Linyphia comments on AI alignment with humans… but with which humans?

Linyphia 17 Mar 2023 19:31 UTC
10 points
2 ∶ 0
I agree with Miller’s response to mic (6-mos ago). Is it even possible for us to stop avoiding the “hard problem” of human nature?
Also, any given agent’s or interest group’s priorities and agendas always will be dynamic, compounding the problem of maintaining multiple mutually satisfactory alignments. Natural selection has designed us to exhibit complex contingent responsiveness to both subtle and dramatic environmental contingencies.
In addition, the humans providing the feedback, even if THEY can find sustainable alignment amongst themselves (remember they are all reproductive competitors, and deeply programmed by natural selection to act accordingly, intentionally or not), will change over time, possibly a very short time, by being exposed to such power. They will be corrupted by that power, and in due time corrupted absolutely.
Finally, an important Darwinian sub-theory has to do with the problem of nonconscious self-deception. I have to wonder whether even our discussing the possibility of properly managing substantive AI systems is just a way of obscuring from ourselves the utter impossibility, given human nature, of managing them properly, morally, wisely? Are all these conversations a way (a kind of competition) to convince ourselves and others that we or our (perceived) allies deserve the power to program and maintain these systems?

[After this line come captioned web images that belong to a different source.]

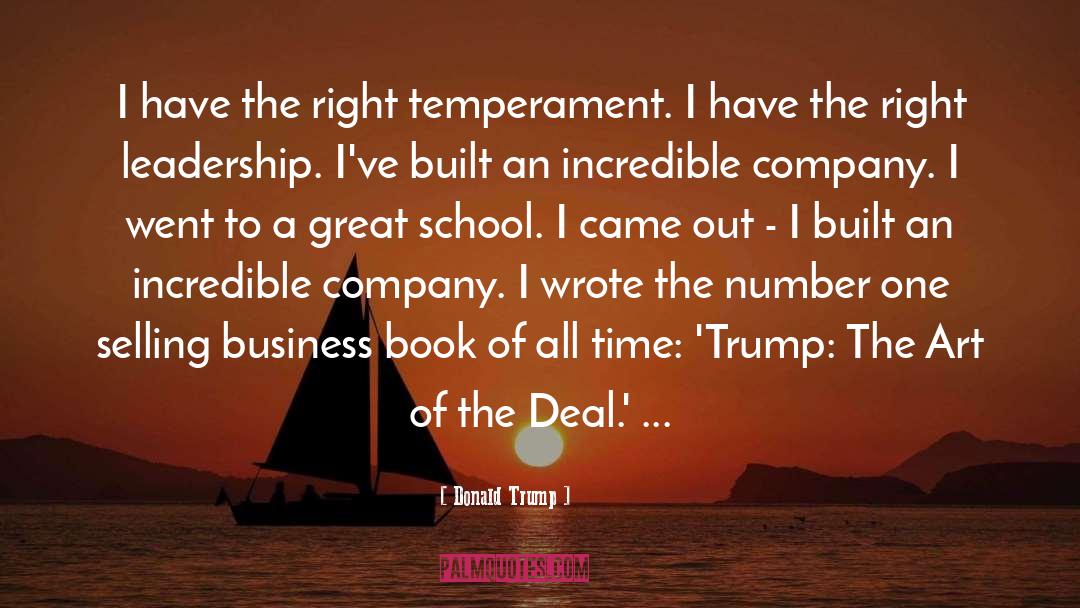 Temperament quotes by Donald Trump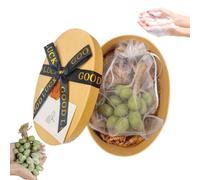 Grape Soap on a Rope, Grape Cluster Soap,Handmade Grapes Shaped Soaps, Natural Cold Process Artisan Soaps, for Washing Hands and Fresh Air Men Women (Box,Green 20 Pcs)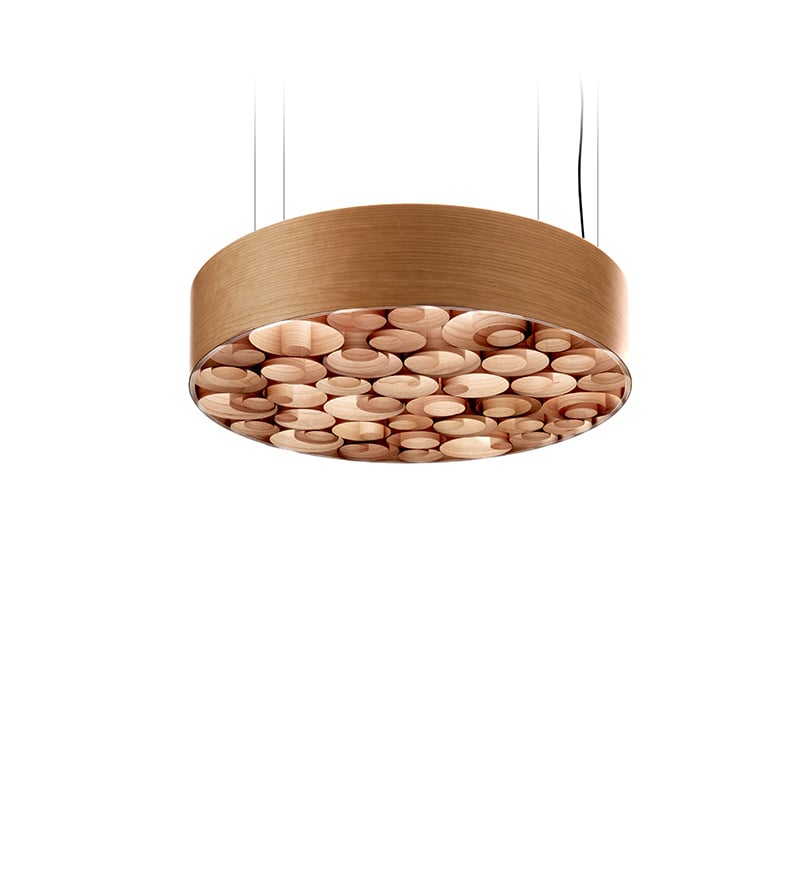 Spiro Suspension Natural Cherry - LZF Lamps on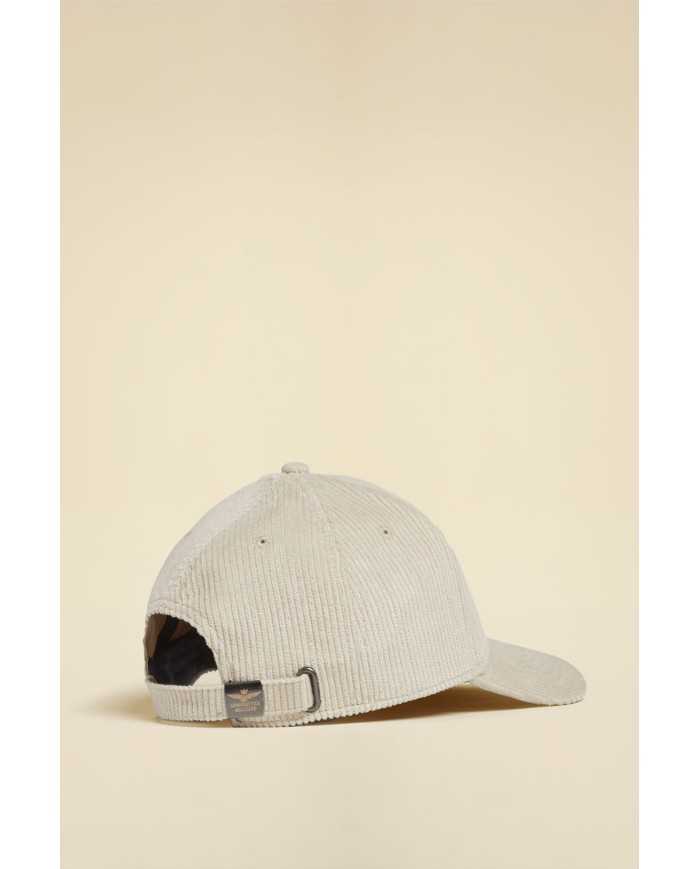 Casquette en velours côtelé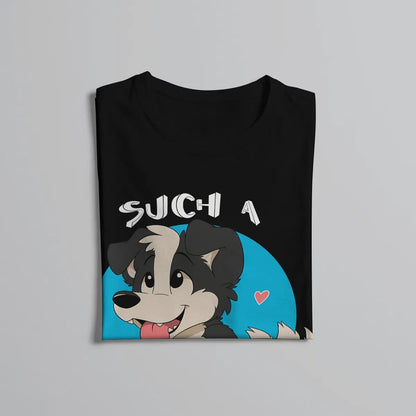 Such a Good Boy Collie Dog T Shirt Vintage Teenager Graphic Large Crewneck TShirt Top sell  Harajuku Men's Short Sleeve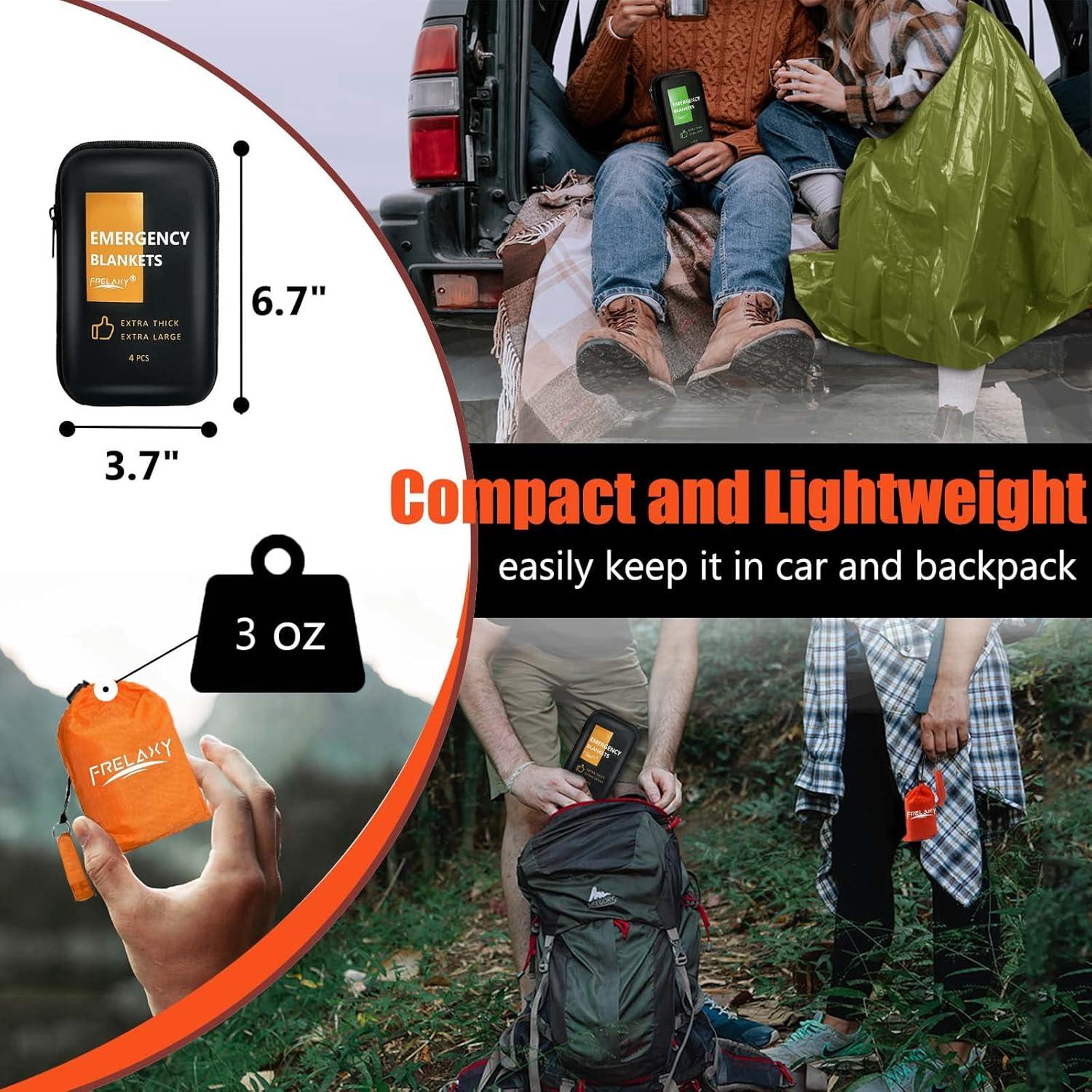 Manta de Emergencia Frelaxy 4 Pack - Extra Gruesa 210x152 cm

- Geoffrey Miller 17 Mar 2023 22:00 UTC
  3 points
  1 ∶ 0
  Parent
  Linyphia—totally agree (unsurprisingly!).
  You raise good additional points about the dynamism and unpredictability of human values and preferences. Some of that unpredictability may reflect adaptive unpredictability (what biologists call ‘protean behavior’) that makes it harder for evolutionary enemies and rivals to predict what one’s going to do next. I discuss this issue extensively in this 1997 chapter and this 1996 simulation study. Insofar as human values are somewhat adaptively unpredictable by design, for good functional reasons, it will be very hard for reinforcement learning systems to get a good ‘fix’ on our preferences.
  The other issues of adaptive self-deception (e.g. virtue signaling, as discussed in my 2019 book on the topic) about our values, and about AI power corrupting humans, also deserve much more attention in AI alignment work, IMHO.